=== DATA ===

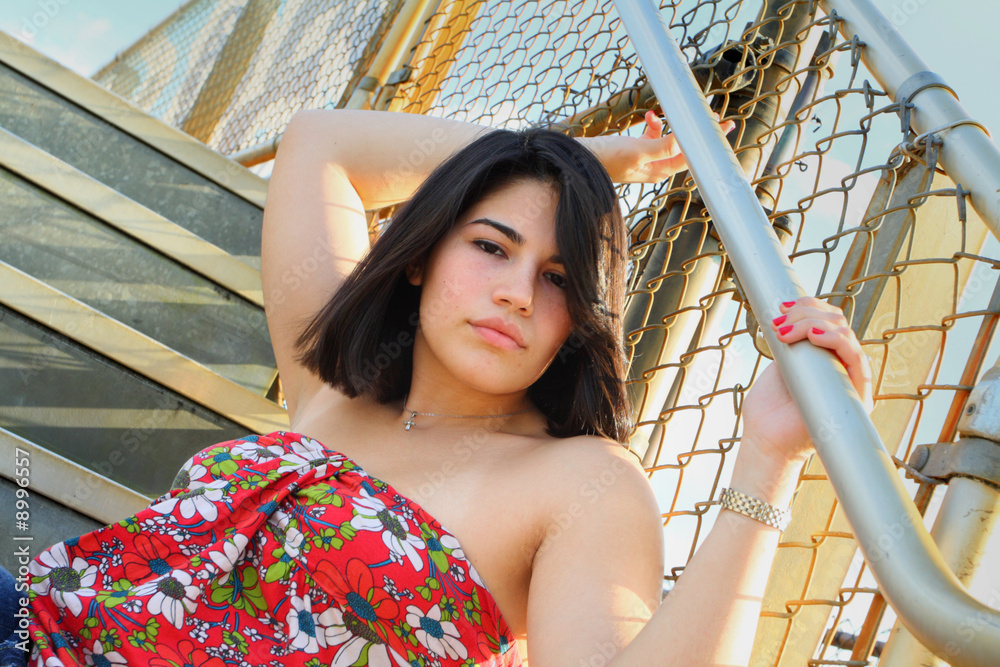 Fototapeta premium Woman posing on a staricase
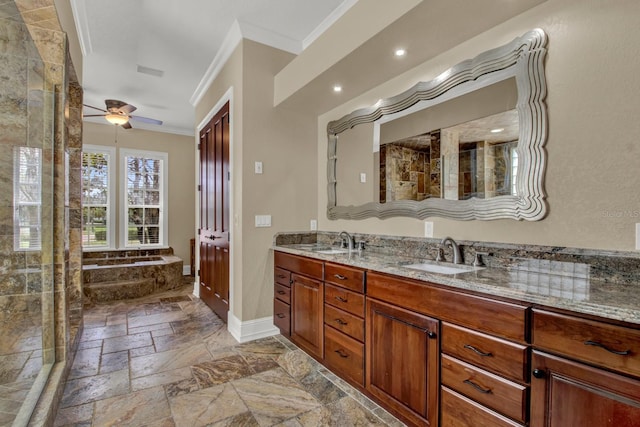 bathroom with crown molding, double vanity, a sink, and stone tile floors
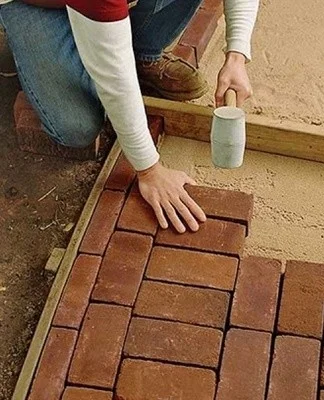 Muž kladne červené dlaždice na písek pro zahradní cestu.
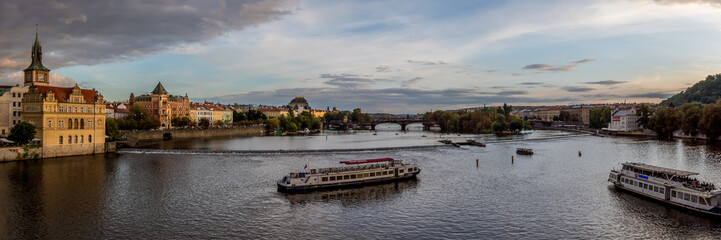 Fototapeta na wymiar Panoramic view of the Vltava River across to the national Theatre, with tourist boats crossing the river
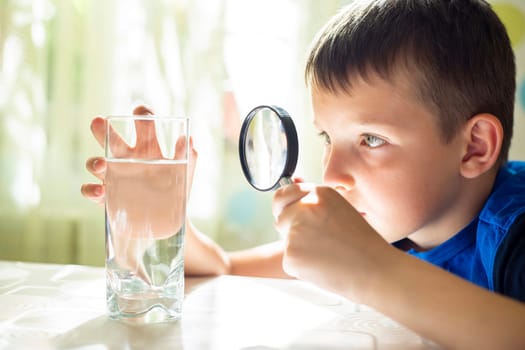 The child boy looking at water in a glass through magnifying glass. Water quality check concept.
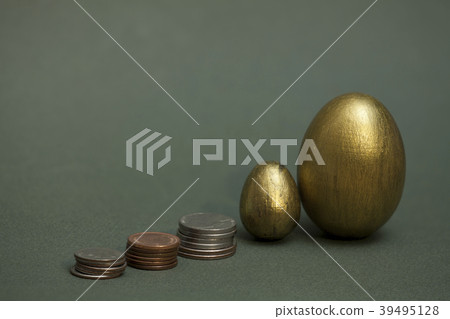 coins pile up and golden eggs 39495128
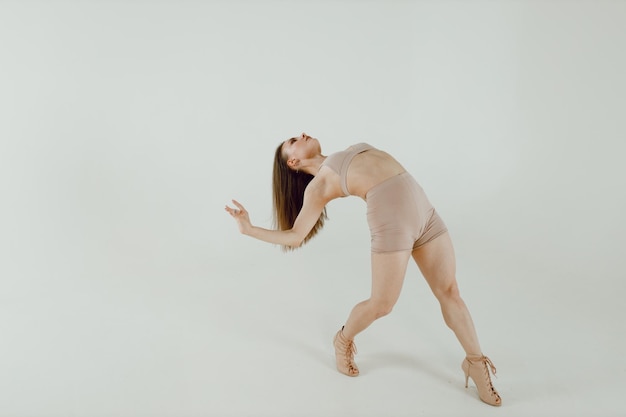 Young woman dancer dancing high heels dance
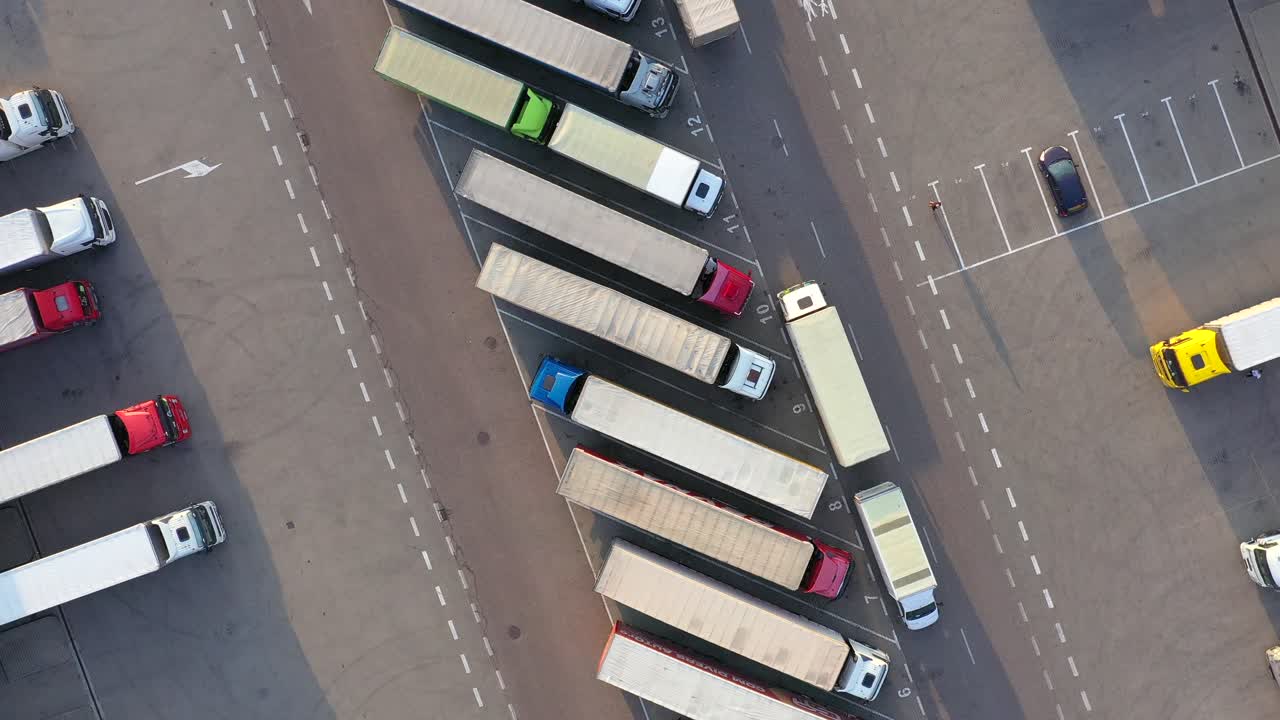 많은 트럭이 상품을 하역하고 있는 산업 창고 보관 건물 적재 구역을 떠나는 세미 트레일러가 부착된 트럭의 항공 샷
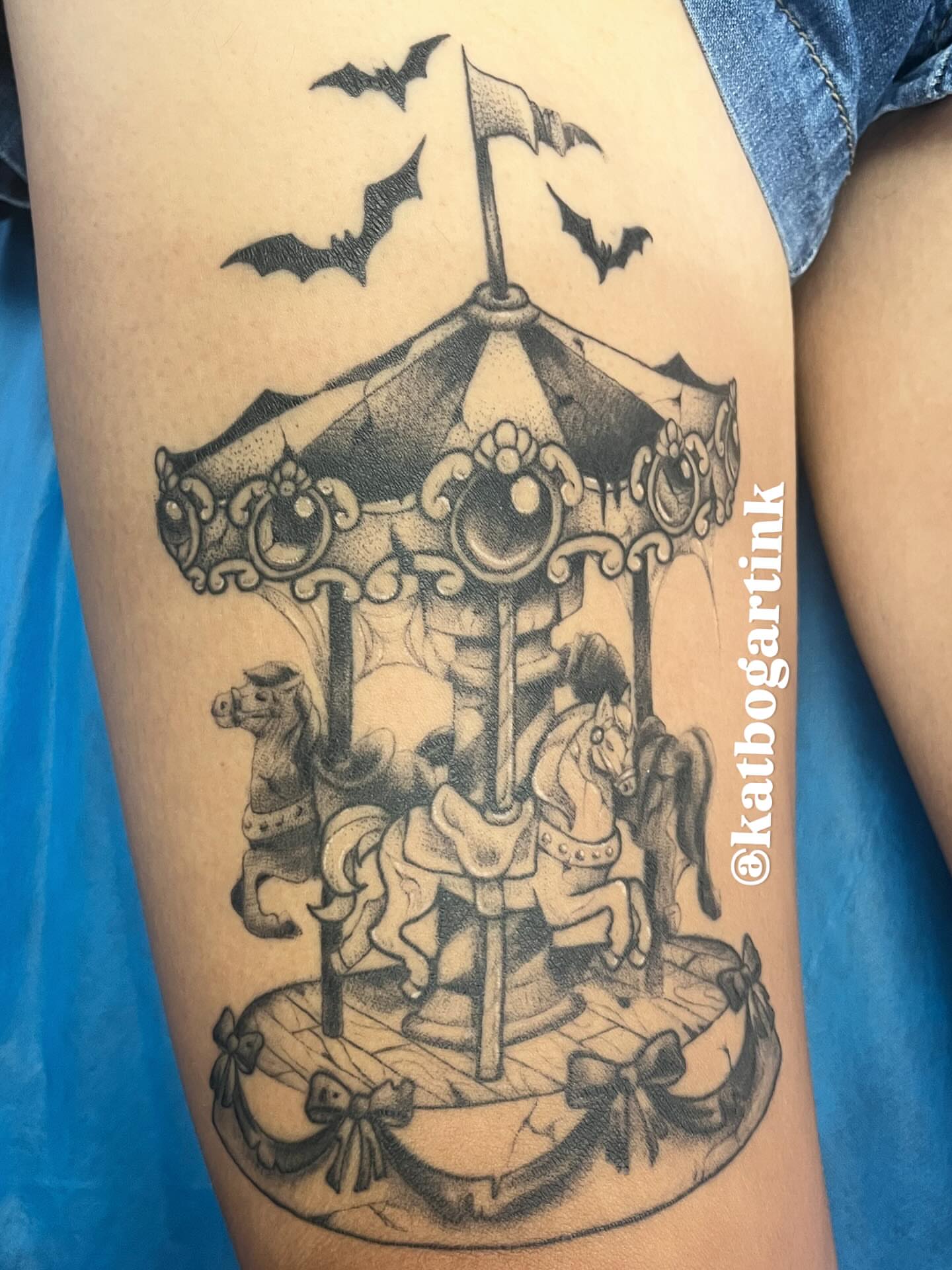 Carousel black and grey tattoo on the thigh by Kat (Scout) Bogart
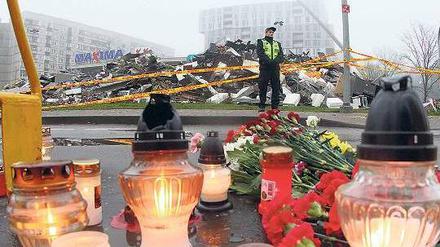 An die Toten erinnern: Vor dem zerstörten Einkaufszentrum in der lettischen Hauptstadt Riga haben Angehörige Kerzen aufgestellt. Foto: AFP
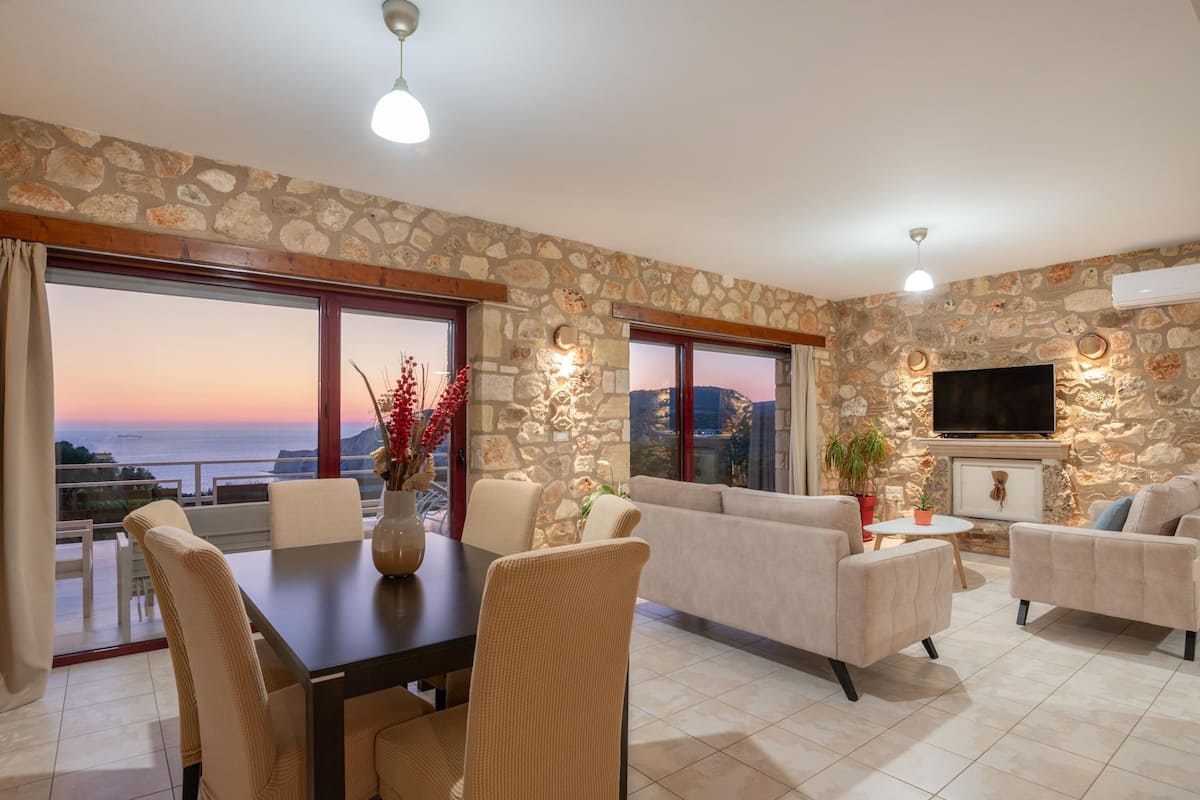 A spacious living area with a stone wall, a flat-screen TV, and a dining table with chairs.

===

▸ TASK DESCRIPTION
Starting at the line with "bathroom with crown" in the entries above, write out every line exactly until the line with "Young woman dancer dancing high heels dance" has been written. Include no pictures and nothing more.

▸ EXPECTED ANSWER
 bathroom with crown molding, double vanity, a sink, and stone tile floors
 Muž kladne červené dlaždice na písek pro zahradní cestu.
 Fototapeta na wymiar Panoramic view of the Vltava River across to the national Theatre, with tourist boats crossing the river
 The child boy looking at water in a glass through magnifying glass. Water quality check concept.
 coins pile up and golden eggs 39495128
 Young woman dancer dancing high heels dance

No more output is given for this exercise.